Your answer must be the records below repeated word for word, with no pictures in it.

(Crawled caption data)
********
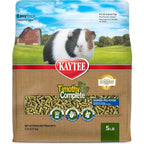 Kaytee Timothy Complete Guinea Pig Food High Fiber Pelleted Diet Formulated With Timothy Hay For All Life Stages Five Pounds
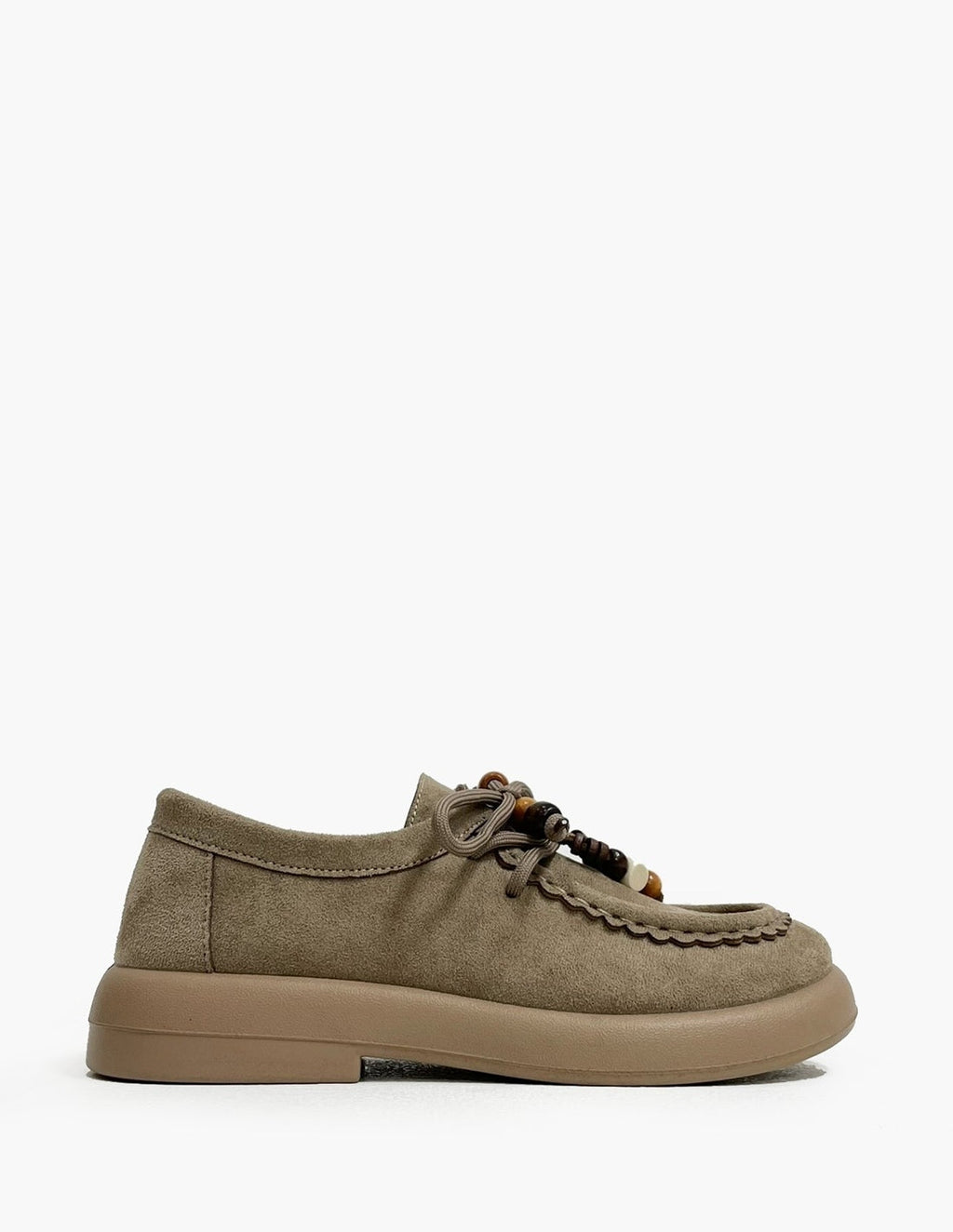 Zapato Plano Kaki Mujer - Mocasines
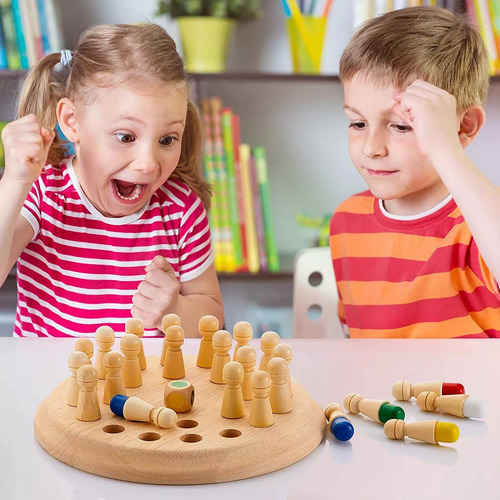 Juego De Mesa De Memoria De Madera Para Adultos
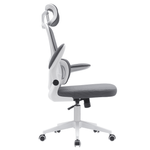 Casa si Gradina - Mobilier - Scaune si fotolii - Scaune - Scaun de birou, gri inchis / alb, RENARD - Infinity.ro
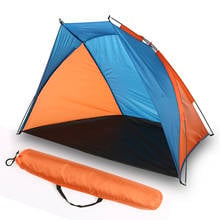 Beach Tent Sun Shelter Outdoor Camping Fishing Hiking Sun Shade Canopy Outdoor Camping Tent Travel camping accessories 2024 - buy cheap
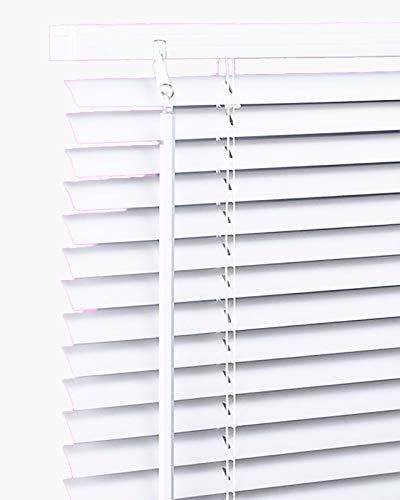 PVC Venetian Blinds Size: 45 x 150cm - White PVC Windows Blinds Open & Close Easy Fit Shutter Blinds for Windows Trimmable Fittings for Home, Office, and Bedroom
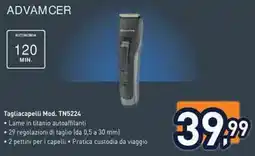 Unieuro Rowenta ADVAMCER Tagliacapelli Mod. TN5224 offerta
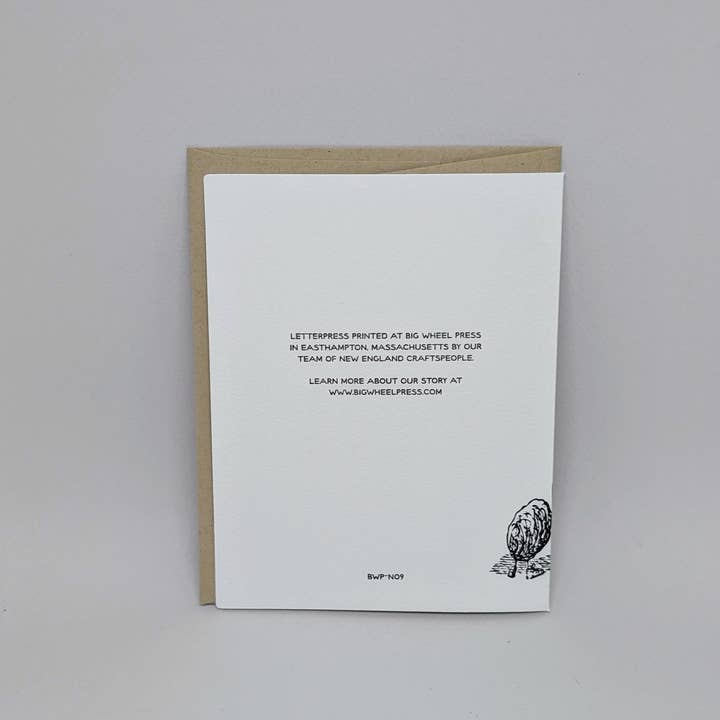 Big Wheel Press - Wholesale Birthday Card - Ah, Shucks - Birthday1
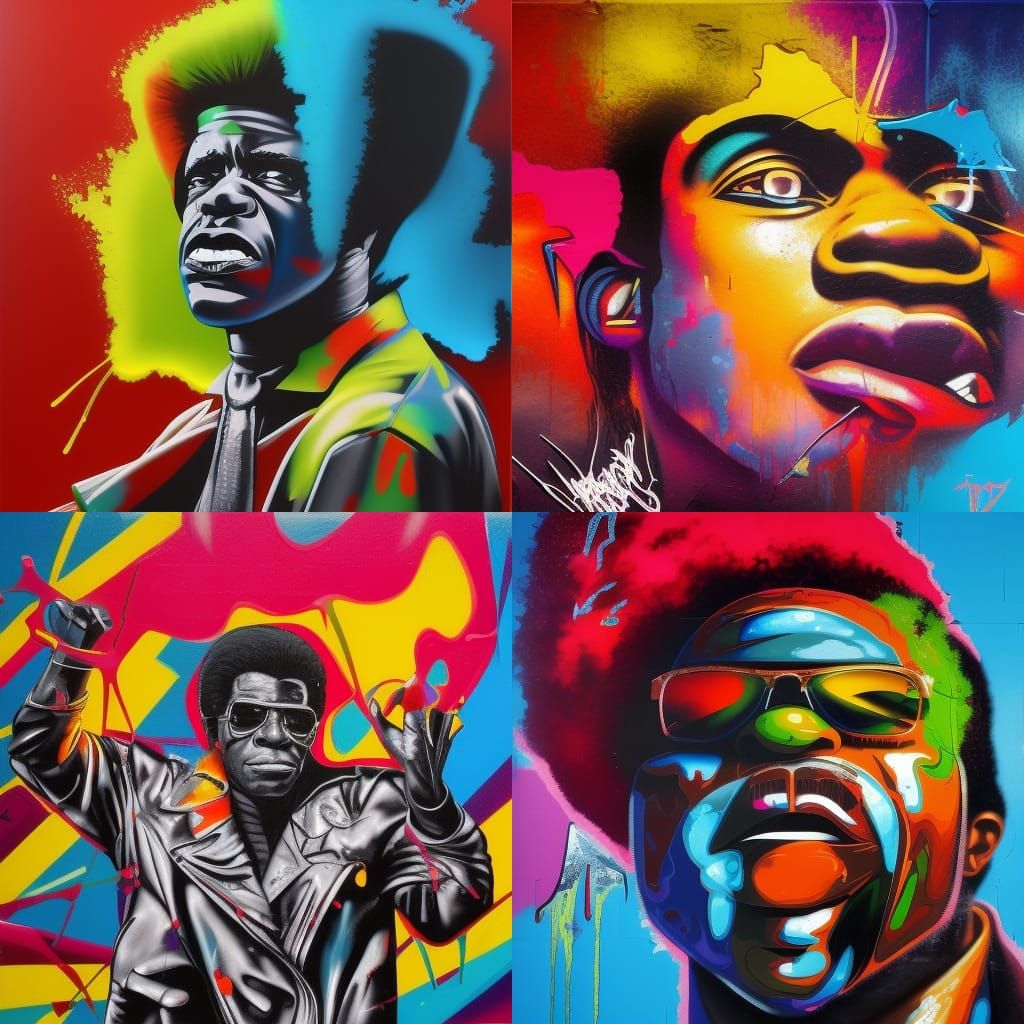 Cyber James Brown Graffiti Street Art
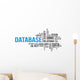 database word cloud Wall Decal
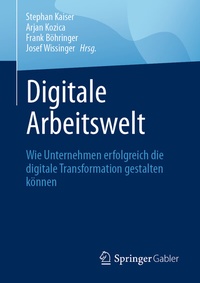 Enlarge image Cover: Digitale Arbeitswelt - Springer Gabler
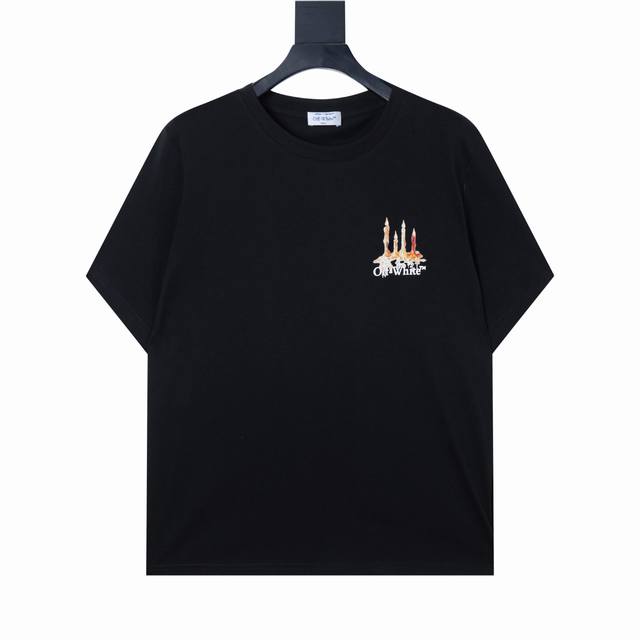 High-version Off-White 26Ss New York Totem Theme Short-Sleeve T-Shirt. This sho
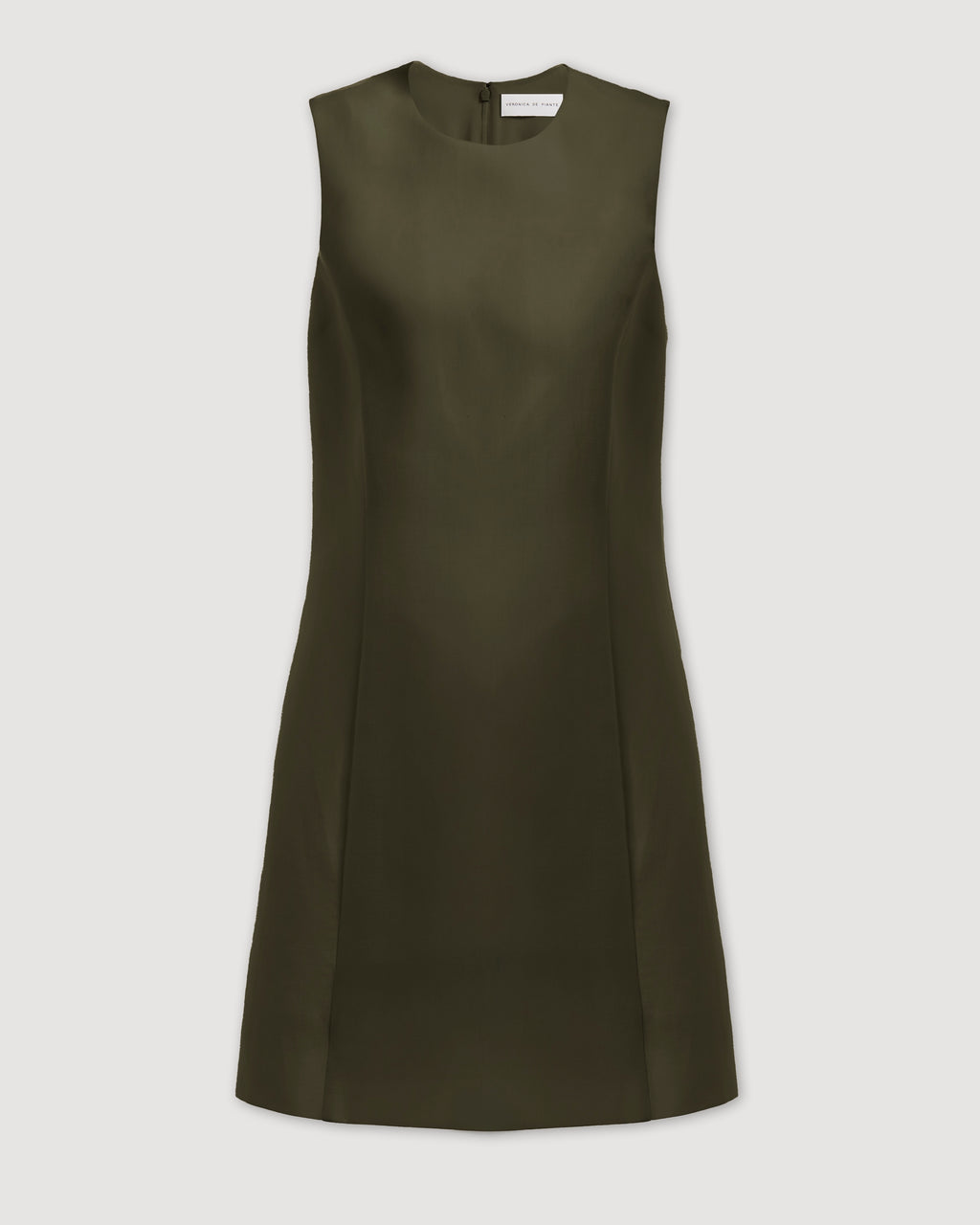 Melodie Dress in Cotton Silk, Olive - Veronica De Piante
********
ANSWER SPACE:
 Kaytee Timothy Complete Guinea Pig Food High Fiber Pelleted Diet Formulated With Timothy Hay For All Life Stages Five Pounds
 Zapato Plano Kaki Mujer - Mocasines
 Juego De Mesa De Memoria De Madera Para Adultos
 Casa si Gradina - Mobilier - Scaune si fotolii - Scaune - Scaun de birou, gri inchis / alb, RENARD - Infinity.ro
 Beach Tent Sun Shelter Outdoor Camping Fishing Hiking Sun Shade Canopy Outdoor Camping Tent Travel camping accessories 2024 - buy cheap
 PVC Venetian Blinds Size: 45 x 150cm - White PVC Windows Blinds Open & Close Easy Fit Shutter Blinds for Windows Trimmable Fittings for Home, Office, and Bedroom
 Unieuro Rowenta ADVAMCER Tagliacapelli Mod. TN5224 offerta
 Big Wheel Press - Wholesale Birthday Card - Ah, Shucks - Birthday1
 Cyber James Brown Graffiti Street Art
 database word cloud Wall Decal
 Enlarge image Cover: Digitale Arbeitswelt - Springer Gabler
 High-version Off-White 26Ss New York Totem Theme Short-Sleeve T-Shirt. This sho
 Melodie Dress in Cotton Silk, Olive - Veronica De Piante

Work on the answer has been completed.